The First Scutari War was an armed conflict in 1405–1412 between Zeta and the Venetian Republic over Scutari and other former possessions of Zeta captured by Venice.

Background 
Before this war Zeta was governed by Đurađ II Balšić. His wife Jelena Balšić was firmly opposed to his pro-Venetian policy and to his sales of Scutari, Drivast, and other towns together with islands on Skadar Lake to the Venetians in 1396. She did not approve Venetian obstruction of contacts between local Eastern Orthodox Christians with the Metropolitanate of Zeta and the Serbian Patriarchate of Peć, and also the fact that Venetians were cutting off Eastern Orthodox monasteries around Skadar Lake from their legally valid income and possessions. In addition to that, an aggressive trading policy of Venetians in the region significantly reduced Zeta′s earnings. She had significant influence on the way her son Balša III governed Zeta after the death of Đurađ II. Even before the First Scutari War she was in dispute with Venetians about the jurisdiction of Zetan Orthodox Metropolitanate over the orthodox churches around the river Bojana and the Church of St. Peter in Scutari. In front of Venetians Balša III, based on Jelena's instructions, protected the ancient rights of the Serbian church and Zetan Metropolitan bishop appointed by the Patriarchate of Peć.

Balša's supporters 
After Đurađ II died in 1403, Balša III took over control of Zeta and with Jelena′s support started an eight years long war against Venice in 1405. Jelena and Balša apparently started the war without much preparations hoping they would soon easily receive international support. They especially counted on support of the  Serbian Despot and Dubrovnik, the supporters of emperor Sigismund who had territorial aspirations in Dalmatia. These hopes were not justified. In January and again in March 1405 they first approached Dubrovnik for help, but were politely rejected.

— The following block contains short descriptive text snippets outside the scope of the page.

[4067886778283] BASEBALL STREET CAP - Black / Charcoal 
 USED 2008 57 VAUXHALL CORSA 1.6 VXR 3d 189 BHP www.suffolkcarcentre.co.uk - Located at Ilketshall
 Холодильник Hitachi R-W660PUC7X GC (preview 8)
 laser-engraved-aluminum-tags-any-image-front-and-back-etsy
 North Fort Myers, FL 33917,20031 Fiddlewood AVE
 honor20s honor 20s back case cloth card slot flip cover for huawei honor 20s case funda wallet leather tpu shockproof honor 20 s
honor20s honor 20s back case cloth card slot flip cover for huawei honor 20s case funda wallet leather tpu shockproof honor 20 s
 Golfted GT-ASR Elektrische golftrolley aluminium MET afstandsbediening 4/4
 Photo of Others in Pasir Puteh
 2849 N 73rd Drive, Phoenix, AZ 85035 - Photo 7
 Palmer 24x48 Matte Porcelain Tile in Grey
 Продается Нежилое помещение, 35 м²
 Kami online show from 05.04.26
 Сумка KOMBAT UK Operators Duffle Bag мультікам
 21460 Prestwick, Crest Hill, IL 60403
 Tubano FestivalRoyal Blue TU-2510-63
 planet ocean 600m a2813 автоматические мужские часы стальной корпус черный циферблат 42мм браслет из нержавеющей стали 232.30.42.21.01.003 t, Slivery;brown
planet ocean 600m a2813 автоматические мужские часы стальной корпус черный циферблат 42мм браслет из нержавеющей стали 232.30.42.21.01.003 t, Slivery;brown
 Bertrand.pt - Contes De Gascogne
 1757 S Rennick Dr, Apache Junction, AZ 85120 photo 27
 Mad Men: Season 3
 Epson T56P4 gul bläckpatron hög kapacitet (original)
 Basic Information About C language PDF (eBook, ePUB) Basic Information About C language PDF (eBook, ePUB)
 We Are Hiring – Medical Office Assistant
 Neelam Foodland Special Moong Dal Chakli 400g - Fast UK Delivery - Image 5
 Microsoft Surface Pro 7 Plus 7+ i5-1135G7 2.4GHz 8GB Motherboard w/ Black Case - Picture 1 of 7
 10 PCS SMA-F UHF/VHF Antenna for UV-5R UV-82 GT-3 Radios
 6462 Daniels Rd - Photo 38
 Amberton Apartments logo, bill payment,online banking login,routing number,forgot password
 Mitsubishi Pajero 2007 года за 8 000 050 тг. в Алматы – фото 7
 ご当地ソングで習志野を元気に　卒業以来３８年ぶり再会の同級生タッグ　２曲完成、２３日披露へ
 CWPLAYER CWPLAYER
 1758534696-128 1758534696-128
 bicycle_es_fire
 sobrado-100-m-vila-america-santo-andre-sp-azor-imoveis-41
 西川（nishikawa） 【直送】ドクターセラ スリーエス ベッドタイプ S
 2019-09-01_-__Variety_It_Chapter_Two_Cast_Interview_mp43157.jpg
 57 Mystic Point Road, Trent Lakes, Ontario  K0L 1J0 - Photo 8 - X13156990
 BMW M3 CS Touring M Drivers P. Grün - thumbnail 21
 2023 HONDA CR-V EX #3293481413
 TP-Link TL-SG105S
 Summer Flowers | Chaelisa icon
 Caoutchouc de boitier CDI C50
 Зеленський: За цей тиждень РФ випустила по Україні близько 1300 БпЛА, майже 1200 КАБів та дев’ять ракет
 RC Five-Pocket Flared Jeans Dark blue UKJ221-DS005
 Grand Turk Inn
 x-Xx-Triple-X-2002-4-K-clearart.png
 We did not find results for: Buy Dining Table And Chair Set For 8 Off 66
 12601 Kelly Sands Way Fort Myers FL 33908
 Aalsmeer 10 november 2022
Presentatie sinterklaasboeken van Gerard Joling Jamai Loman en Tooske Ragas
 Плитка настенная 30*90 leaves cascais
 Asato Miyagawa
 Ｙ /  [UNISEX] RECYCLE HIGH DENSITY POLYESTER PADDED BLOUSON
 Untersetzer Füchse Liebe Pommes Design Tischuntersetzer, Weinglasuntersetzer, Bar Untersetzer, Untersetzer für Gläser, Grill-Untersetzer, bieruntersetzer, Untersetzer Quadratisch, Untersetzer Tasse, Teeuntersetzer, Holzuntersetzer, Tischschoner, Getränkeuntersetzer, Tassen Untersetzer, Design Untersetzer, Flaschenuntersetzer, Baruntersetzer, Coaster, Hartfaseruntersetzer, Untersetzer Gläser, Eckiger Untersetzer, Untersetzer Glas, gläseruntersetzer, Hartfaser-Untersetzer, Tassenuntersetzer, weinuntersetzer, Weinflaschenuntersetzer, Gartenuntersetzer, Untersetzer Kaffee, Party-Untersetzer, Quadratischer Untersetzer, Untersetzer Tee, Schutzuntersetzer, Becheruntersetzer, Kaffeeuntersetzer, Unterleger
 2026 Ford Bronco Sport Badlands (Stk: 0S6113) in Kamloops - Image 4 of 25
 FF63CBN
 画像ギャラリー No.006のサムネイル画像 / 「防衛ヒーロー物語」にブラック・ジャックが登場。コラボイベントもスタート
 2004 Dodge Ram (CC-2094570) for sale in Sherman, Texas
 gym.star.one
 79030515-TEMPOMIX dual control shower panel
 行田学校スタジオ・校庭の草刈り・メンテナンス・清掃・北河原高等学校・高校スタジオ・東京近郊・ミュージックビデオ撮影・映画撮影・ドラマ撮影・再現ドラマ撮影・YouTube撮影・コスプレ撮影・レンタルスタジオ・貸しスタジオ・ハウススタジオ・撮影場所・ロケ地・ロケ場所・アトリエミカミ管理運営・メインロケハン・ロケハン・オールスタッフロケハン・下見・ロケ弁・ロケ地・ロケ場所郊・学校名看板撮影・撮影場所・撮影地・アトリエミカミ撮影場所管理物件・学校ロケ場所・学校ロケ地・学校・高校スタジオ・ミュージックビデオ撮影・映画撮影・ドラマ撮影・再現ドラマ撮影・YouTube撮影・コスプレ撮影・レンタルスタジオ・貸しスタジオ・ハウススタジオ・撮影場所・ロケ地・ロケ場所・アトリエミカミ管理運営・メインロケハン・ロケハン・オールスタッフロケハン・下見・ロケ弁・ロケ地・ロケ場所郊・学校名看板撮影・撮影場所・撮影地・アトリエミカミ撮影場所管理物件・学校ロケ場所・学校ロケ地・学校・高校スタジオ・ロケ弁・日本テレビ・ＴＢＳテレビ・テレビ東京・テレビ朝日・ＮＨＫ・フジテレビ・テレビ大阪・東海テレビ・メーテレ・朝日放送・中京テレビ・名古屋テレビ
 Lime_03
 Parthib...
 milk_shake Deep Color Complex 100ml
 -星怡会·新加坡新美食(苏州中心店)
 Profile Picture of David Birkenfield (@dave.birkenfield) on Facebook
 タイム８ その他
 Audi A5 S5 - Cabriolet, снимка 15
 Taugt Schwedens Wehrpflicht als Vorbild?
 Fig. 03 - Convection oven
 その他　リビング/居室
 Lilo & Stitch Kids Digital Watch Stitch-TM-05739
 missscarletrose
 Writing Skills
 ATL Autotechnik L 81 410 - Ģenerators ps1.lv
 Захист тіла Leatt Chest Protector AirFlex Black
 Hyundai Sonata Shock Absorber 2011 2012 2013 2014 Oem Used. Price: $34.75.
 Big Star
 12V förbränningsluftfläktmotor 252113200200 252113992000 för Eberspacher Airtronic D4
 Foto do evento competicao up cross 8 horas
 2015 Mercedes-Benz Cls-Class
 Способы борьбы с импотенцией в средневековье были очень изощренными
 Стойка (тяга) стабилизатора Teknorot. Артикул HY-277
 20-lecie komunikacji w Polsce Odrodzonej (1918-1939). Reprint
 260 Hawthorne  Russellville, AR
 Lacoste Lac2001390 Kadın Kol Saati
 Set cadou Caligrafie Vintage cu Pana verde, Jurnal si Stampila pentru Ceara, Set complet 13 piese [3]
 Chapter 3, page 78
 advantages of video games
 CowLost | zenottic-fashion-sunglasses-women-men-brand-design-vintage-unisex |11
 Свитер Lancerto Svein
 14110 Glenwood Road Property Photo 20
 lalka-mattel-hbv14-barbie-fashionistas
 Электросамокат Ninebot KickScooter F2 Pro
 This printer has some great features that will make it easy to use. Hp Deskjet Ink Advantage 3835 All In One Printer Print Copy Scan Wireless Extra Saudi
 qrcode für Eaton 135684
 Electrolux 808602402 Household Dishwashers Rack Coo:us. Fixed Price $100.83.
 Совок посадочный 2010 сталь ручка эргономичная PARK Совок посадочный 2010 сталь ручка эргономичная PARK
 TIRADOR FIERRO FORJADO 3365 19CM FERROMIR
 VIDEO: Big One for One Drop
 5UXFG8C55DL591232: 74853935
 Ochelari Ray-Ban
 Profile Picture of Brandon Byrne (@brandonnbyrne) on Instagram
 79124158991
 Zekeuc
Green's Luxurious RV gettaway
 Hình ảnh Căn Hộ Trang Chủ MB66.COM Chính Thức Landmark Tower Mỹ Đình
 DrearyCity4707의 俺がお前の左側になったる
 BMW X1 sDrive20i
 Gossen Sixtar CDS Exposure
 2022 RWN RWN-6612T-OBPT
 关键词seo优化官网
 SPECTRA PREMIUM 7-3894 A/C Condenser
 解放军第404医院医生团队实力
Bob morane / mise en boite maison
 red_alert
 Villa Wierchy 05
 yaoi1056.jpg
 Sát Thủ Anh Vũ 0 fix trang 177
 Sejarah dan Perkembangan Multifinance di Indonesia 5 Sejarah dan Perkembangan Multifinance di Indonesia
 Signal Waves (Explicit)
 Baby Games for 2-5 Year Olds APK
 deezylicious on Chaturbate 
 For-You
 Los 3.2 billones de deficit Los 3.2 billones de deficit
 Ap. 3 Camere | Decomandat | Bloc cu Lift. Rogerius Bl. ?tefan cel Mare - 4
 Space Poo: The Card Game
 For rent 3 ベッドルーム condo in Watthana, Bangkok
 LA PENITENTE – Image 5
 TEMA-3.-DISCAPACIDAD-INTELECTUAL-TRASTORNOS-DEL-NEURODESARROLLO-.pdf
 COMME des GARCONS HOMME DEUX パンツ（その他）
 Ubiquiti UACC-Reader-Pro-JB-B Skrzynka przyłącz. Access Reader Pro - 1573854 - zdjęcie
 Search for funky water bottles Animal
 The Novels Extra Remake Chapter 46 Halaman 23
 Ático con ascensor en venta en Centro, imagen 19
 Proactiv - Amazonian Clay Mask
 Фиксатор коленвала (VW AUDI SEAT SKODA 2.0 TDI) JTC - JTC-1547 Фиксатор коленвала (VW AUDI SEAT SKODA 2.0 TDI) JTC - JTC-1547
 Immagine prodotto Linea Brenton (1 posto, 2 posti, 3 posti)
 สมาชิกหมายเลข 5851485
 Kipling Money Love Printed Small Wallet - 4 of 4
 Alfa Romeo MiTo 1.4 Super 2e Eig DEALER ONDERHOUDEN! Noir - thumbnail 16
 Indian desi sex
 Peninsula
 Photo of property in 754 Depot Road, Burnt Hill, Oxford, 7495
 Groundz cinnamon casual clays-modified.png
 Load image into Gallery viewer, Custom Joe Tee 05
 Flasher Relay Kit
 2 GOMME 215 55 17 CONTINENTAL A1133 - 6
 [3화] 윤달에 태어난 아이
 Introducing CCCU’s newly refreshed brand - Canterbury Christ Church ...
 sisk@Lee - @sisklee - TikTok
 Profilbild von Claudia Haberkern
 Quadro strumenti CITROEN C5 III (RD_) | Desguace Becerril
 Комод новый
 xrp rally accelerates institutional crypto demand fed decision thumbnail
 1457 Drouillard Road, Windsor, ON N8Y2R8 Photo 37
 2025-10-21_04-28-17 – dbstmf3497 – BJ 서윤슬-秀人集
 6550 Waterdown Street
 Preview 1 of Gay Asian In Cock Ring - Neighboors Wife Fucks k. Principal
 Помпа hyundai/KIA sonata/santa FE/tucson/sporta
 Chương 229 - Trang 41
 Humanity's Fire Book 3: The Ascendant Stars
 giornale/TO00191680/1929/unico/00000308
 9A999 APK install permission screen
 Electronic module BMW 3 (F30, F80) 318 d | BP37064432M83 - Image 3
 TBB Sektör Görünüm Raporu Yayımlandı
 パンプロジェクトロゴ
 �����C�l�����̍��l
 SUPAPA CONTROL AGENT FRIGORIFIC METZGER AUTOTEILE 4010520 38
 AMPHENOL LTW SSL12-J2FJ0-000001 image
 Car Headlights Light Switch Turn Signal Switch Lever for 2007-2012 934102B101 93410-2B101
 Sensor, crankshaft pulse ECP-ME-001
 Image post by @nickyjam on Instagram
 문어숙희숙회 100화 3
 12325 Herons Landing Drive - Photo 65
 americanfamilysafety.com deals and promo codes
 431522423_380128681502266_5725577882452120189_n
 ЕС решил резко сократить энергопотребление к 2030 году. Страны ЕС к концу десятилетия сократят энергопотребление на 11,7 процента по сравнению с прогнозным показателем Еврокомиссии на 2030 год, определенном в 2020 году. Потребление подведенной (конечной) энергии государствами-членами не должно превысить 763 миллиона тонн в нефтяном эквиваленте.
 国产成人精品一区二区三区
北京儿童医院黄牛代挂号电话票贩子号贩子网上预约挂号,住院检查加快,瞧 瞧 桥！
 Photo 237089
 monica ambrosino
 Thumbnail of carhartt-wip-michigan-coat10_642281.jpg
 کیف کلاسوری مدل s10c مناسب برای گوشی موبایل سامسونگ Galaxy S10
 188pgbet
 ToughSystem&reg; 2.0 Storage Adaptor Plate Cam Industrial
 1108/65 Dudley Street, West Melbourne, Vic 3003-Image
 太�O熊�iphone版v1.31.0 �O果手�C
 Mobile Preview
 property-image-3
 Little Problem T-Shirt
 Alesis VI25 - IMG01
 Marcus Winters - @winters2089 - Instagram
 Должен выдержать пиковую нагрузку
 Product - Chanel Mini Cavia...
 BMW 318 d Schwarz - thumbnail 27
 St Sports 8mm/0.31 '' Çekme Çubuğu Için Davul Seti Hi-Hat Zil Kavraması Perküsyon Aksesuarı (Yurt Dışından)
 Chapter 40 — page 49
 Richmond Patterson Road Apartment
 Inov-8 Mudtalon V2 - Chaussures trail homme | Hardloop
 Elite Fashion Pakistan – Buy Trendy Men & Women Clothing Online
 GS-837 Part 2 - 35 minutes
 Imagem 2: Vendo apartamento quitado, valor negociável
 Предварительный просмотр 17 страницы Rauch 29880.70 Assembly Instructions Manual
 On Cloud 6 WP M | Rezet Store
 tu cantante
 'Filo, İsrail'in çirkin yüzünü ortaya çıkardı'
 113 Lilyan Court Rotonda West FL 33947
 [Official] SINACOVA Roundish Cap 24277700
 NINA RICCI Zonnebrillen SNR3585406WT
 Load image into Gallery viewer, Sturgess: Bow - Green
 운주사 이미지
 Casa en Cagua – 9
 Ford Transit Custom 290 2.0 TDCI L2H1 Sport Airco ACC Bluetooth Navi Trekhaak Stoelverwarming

During this war, Balša was not fully supported by urban population of Bar and Ulcinj whose business interests were somewhat better preserved with good relations with powerful the Venetian Empire. His main supporters were warrior nobility in Zeta, pronoiers in the Scutari region, and Serb and Albanian peasants unsatisfied with taxes. The Đurašević family participated on Balša's side, Koja Zaharia and Dhimiter Jonima supported Venetians, while Dukagjinis were neutral.

Beginning of the war 
The war began in 1405 when Balša took advantage of the rebellion of local population in the region of Scutari and captured all Scutari region (including Drivast) except the Scutari fortress itself. It is uncertain if he inspired the revolt which started in early 1405, but he certainly utilized it. Radič Humoj and many other most distincted local Venetian pronoiers (like Nika Bogoje, Petar Konte, Nikola Lumbardini, Andrija Sklavo, and Nikola Sigeci) deserted Venice and supported Balša III in order to save their position and property. Balša was intolerant of local nobles who would not support him and many of those who would dare to desert him were captured and crippled, i.e. deprived of a limb and nose.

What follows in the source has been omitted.